Assim em 1984/85 surgiu uma Instituição Americana interessada, no entanto as negociações terminaram no ano de 1986, devido à falta de acordo no preço. Após esta primeira tentativa falhada, continuou com a intenção de vender a sua coleção. Nesse momento, tinha a esperança que o Jardim Botânico Real, em Kew, Inglaterra, lhe comprasse a coleção. Essa vontade era motivada pelo conhecimento que tinha da instituição, adquirido através dos contactos que fez ao longo dos anos com botânicos dessa instituição. Por intermédio de amigos, conseguiu que chegasse ao conhecimento do diretor da Instituição a sua intenção de vender a coleção, esse, desde logo se mostrou interessado, uma vez que tinha conhecimento do valor cientifico da obra. Em Janeiro de 1988, começaram as negociações para a venda da obra. Nessa mesma altura, estava a trabalhar com Tony Morrison para a compilação do livro Em Busca das Flores da Amazônia. No entanto, as negociações chegaram a um impasse, porque apesar do afeto que tinha pela instituição, achava que o preço oferecido era inferior ao pretendido. As negociações continuaram, tendo chegado finalmente a um acordo a 28 de novembro. Ficou acordado o preço da venda, e as aquarelas ficaram à tutela da companhia Trust, que respeitaria determinadas condições, tais como o público teria acesso fácil à coleção e a vontade de que as pinturas nunca tornariam ao Brasil.
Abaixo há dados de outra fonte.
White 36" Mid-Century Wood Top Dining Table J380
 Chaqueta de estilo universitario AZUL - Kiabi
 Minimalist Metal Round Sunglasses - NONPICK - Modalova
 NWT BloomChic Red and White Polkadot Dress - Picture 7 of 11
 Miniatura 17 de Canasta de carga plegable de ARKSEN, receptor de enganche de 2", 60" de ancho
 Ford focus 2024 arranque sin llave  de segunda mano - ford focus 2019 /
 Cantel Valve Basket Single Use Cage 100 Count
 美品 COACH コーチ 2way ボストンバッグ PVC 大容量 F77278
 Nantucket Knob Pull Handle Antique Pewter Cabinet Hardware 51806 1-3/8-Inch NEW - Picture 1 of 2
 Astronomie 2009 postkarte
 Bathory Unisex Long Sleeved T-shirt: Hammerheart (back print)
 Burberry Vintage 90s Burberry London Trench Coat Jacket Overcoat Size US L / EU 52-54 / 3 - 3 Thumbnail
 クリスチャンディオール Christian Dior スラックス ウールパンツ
Ficou também acordada a criação de bolsas de estudo para novos artistas e biólogos para continuar a estudar a Amazônia.
Fatidicamente, Margareth Mee morreu dois dias depois sem nunca chegar a ver os frutos finais do seu trabalho: tanto o livro Em Busca das Flores da Floresta Amazônia como uma exposição. Em 1989 foi criada a Fundação Botânica Margareth Mee, com o objetivo de apoiar a novos artistas e biólogos.
Poucas mulheres conseguiram desenvolver o duplo papel de artista e de ativista em prol da natureza. No trabalho, tinha a preocupação acadêmica e cientifica, no entanto, a faceta artística esteve sempre presente, talvez por isso, seja classificada entre os ilustradores científicos mais prestigiados que percorreram o Brasil desde o século XVII. Através das suas pinturas, deu-nos acesso a um guia vasto e completo de espécies raras, muitas atualmente extintas. Retratava a natureza como um todo e não como espécies individuais, dando a percepção de uma paixão pela Amazônia e a sua preocupação pelo seu futuro. Margareth Mee era uma das poucas pessoas que, apesar da sua avançada idade ainda tinha muitos sonhos por realizar. "Sei que a minha morte não significará o fim do meu trabalho. Onde quer que esteja, tentarei influenciar aqueles que estão a destruir o planeta para que dêem à natureza uma hipótese de sobreviver."